IQNA

Kur'an tefsir ve müfessirleri / 16

Kitabü’s-safi fi tefsiri’l-Kuran

10:51 - February 20, 2023
Haber kodu: 3479363
Molla Muhsin Feyz-i Kâşâni, Sâfî tefsirinde masum imamlardan gelen gelen rivayetlere dayanarak Kur’an ayetlerini tefsir etmiştir.

Bu tefsir kısalığı ve kapsayıcılığı nedeniyle her zaman araştırmacıların ilgi odağında olmuştur.

Molla Muhsin Feyz-i Kâşâni bu eserinde hem Şii hem de Sünni hadis kaynaklarını kullanarak rivayetî tefsir yöntemini kullanmış olup bu eserinde çeşitli düşüncelerin ayrıntılı bir yorumunu sunmaya çalıştığından ‘el-Sâfî’ adını seçmiştir.

Feyz Kâşâni’nin hayatı

Molla Muhsin Feyz-i Kâşâni (1598-1689) 17. yüzyıl ilim ve tasavvuf halkalarından biriydi. Kâşân’da doğdu. Birçok âlim yetiştiren tanınmış bir aileye mensuptur. İlk hocası, zengin bir kütüphaneye sahip bulunan babası Şah Murtazâ’dır.  Çeşitli alanlarda iki yüzden fazla eser bırakmıştır.

İsfahan’da bir yıl kaldıktan sonra Seyyid Mâcid-i Bahrânî ve Molla Sadra’dan fıkıh ve hadis okumak için Şîraz’a geçti. Özellikle Molla Sadra’ya yakındı ve daha sonra kızıyla evlendi. Molla Sadra’nın emriyle Feyz unvanını seçti. Ayrıca Halil Kazvini ve Muhammed Salih Mazandarani’den çok şey öğrendi. Hikmet alanında Molla Sadra’yı takip etti ve irfanda Muhyiddin el-Arabi’nin fikirlerine yöneldi. Bu düşünce tarzı nedeniyle bazı fakihlerin düşmanlıklarını üzerine çekti.
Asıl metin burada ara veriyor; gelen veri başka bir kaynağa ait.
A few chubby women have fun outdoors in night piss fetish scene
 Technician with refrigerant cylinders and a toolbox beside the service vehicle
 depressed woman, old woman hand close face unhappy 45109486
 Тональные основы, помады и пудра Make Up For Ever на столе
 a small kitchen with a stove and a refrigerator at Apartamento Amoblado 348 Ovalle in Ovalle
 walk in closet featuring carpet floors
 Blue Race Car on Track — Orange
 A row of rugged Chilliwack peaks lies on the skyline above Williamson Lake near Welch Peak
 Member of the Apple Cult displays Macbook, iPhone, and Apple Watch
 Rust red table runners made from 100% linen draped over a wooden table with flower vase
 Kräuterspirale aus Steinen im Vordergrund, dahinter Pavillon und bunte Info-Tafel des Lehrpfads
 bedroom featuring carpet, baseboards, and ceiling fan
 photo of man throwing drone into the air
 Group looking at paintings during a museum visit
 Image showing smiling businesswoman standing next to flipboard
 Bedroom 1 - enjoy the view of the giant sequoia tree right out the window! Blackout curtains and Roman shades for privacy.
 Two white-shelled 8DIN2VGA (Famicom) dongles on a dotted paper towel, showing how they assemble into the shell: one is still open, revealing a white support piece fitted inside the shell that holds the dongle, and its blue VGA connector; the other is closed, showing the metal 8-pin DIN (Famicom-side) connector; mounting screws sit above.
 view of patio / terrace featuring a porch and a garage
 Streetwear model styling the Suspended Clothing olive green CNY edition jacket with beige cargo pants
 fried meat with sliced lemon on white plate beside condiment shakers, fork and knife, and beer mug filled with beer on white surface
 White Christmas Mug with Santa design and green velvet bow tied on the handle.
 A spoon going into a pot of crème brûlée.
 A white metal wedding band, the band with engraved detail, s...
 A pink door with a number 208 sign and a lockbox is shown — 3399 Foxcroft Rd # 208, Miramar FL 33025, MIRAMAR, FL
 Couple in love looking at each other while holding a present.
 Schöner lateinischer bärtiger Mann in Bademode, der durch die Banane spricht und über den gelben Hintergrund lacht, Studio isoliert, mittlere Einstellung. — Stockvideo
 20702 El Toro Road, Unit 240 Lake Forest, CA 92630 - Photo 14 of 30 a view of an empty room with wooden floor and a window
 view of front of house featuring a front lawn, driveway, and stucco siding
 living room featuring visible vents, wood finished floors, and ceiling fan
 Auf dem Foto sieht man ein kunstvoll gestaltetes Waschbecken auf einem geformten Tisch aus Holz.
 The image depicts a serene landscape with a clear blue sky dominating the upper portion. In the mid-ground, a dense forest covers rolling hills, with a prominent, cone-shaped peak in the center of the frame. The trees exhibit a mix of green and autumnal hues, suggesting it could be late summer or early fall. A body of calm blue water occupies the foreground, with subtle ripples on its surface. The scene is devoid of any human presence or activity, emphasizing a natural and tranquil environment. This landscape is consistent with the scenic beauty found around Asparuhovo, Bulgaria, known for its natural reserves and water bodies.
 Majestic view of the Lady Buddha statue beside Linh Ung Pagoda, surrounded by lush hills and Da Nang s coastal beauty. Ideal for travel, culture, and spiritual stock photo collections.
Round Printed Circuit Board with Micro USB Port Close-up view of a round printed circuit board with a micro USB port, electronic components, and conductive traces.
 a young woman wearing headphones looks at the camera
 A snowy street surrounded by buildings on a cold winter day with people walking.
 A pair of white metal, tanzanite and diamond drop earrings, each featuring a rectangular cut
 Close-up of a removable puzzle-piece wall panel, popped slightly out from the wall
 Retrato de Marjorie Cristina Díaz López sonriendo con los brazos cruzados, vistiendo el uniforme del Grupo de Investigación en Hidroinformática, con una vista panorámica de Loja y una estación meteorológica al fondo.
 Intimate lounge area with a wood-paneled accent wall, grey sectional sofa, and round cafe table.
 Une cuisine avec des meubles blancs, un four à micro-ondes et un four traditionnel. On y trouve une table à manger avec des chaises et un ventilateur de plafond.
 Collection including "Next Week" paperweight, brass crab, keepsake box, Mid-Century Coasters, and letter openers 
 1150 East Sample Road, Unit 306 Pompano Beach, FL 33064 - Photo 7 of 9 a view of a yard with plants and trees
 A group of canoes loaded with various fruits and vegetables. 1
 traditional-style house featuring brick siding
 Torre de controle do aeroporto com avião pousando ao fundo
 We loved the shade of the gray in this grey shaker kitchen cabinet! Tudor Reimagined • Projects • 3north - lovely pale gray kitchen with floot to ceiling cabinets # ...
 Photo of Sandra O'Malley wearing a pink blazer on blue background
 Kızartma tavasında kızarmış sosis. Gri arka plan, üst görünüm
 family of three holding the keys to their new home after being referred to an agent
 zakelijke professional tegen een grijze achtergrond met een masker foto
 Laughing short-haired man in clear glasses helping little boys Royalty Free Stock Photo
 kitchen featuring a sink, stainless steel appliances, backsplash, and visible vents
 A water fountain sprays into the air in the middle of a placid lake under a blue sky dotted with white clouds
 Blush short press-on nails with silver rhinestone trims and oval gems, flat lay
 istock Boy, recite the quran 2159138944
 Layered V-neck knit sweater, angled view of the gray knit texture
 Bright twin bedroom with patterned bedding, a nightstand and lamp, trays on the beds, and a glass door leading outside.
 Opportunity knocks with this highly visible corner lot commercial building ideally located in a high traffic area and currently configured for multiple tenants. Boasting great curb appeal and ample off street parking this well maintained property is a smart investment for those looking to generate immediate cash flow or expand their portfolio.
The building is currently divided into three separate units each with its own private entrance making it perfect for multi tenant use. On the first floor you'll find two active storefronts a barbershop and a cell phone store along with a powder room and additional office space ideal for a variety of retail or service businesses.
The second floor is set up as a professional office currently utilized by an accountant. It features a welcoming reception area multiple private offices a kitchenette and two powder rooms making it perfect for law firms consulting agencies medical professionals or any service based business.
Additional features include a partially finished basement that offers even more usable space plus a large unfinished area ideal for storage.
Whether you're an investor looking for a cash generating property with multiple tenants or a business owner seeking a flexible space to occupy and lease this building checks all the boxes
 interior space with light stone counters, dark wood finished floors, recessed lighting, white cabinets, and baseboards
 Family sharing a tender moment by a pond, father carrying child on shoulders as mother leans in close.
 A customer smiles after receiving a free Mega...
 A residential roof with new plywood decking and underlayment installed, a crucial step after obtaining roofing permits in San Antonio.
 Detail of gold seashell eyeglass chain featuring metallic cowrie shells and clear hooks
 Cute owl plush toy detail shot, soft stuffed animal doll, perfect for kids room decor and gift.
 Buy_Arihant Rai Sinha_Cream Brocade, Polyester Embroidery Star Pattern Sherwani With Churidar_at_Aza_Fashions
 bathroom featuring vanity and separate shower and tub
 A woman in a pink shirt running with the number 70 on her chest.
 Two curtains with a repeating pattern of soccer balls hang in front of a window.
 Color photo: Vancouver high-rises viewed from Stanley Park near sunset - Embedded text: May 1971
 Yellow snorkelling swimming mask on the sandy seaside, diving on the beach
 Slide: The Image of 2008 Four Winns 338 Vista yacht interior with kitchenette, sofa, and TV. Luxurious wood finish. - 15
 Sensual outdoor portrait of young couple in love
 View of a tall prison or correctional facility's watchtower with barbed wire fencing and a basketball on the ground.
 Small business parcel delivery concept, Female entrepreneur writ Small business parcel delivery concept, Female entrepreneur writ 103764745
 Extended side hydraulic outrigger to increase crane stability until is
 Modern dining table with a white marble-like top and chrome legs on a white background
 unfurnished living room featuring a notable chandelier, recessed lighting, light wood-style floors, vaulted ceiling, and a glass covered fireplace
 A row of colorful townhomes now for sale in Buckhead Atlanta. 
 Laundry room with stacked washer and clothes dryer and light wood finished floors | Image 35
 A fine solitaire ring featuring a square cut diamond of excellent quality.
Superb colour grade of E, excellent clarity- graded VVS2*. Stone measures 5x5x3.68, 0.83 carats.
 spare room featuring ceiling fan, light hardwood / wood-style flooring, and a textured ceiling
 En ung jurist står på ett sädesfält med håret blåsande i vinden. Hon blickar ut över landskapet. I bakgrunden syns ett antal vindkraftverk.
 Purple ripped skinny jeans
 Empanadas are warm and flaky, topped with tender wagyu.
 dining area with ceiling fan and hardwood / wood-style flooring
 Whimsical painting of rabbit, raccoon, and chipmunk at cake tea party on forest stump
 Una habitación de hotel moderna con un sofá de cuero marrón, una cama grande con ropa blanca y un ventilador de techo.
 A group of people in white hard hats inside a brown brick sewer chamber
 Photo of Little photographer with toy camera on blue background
Sâfî tefsiri Şiilerin en ünlü tefsiri olup Arapça yazılmıştır. Tüm Kur’an ayetleri rivayî tefsir(rivayî tefsirlerde Peygamber Efendimiz’in (sav) hadislerini ve masum imamların rivayetlerini kullanırlar) edilmiştir. Bu tefsir, müellifin kendi görüşlerini ifade ettiği değerli bir mukaddimeye sahip olarak onun Kur’an tefsirindeki yaklaşımını, dayanaklarını ve kullandığı yöntemleri ortaya koyabilecek bir tahlili vardır.

Feyz-i Kâşâni arkadaşlarının masum imamların (a.s) söz ve rivayetlerine dayanarak Kur’an tefsirlerini yazma talebinin  kendisini Sâfî tefsirini yazma motive ettiğini söyler. Ve Kur’an ayetlerini anlamanın ve açıklamanın ancak Peygamber (s.a.v.) ve Ehl-i Beyt (as) vasıtasıyla mümkün olacağını, bu bakımdan onlardan olmayan hiçbir şeyin güvenilir olmadığını beyan etmektedir. Bu yüzden Kur’an tüm ayetlerinin ayrıntılı bir açıklaması olan Peygamber Efendimiz (s.a.v.) ve Ehl-i Beyt’in (as) sözlerine başvurmamak bir tür re’y tefsiri sayılabilir ve bu yanlıştır.

Feyz-i Kâşâni, Peygamber Efendimiz’den bir hadis naklederek Kur’an’ı kendi görüşüne göre tefsir edenin sapıttığını bildirmektedir.

Tefsir-i Sâfî’nin müellifi surenin adı, Mekki veya Medeni olması ve ayet sayısı ile başlar. Sonra muhkem ayetleri  tefsir eder. Daha sonra güvenilir Şii kaynaklarından ve ardından Sünni kaynaklardan rivayetler sunar. Bunun yanısıra nüzul sebebi, kelimeleri, kıraatları ve ayetlerin hasrekelerini beyan eder. Ardından surenin faziletleri ve okunmasının faydaları hakkında rivayetler sunar. Rivayetleri delilli ve belgesiz olarak rivayet eder. Bazı durumlarda rivayetin kaynağını da belirtmez. Bazı durumlarda kendisini söz konusu bölümü alıntılamakla sınırlamış ve rivayetin geri kalanını alıntılamaktan kaçınmıştır. Bazende rivayetleri tahlil eder veya açıklar.

Sâfî tefsirinin kaynakları

Tefsir konusunda Feyz-i Kâşâni, İmam Hasan Askeri ve Beyzavi tefsirinden çok yararlanmıştır. Mukaddemesinde Bakara suresinin tefsirinde İmam Hasan Askeri’nin Kur’an tefsirini kullandığını yazar. Rivayetleri naklederken Kumi, Ayaşi, Kâfi tefsirleri ve Cami’ü-l Beyan gibi birçok tefsirden yararlanmıştır.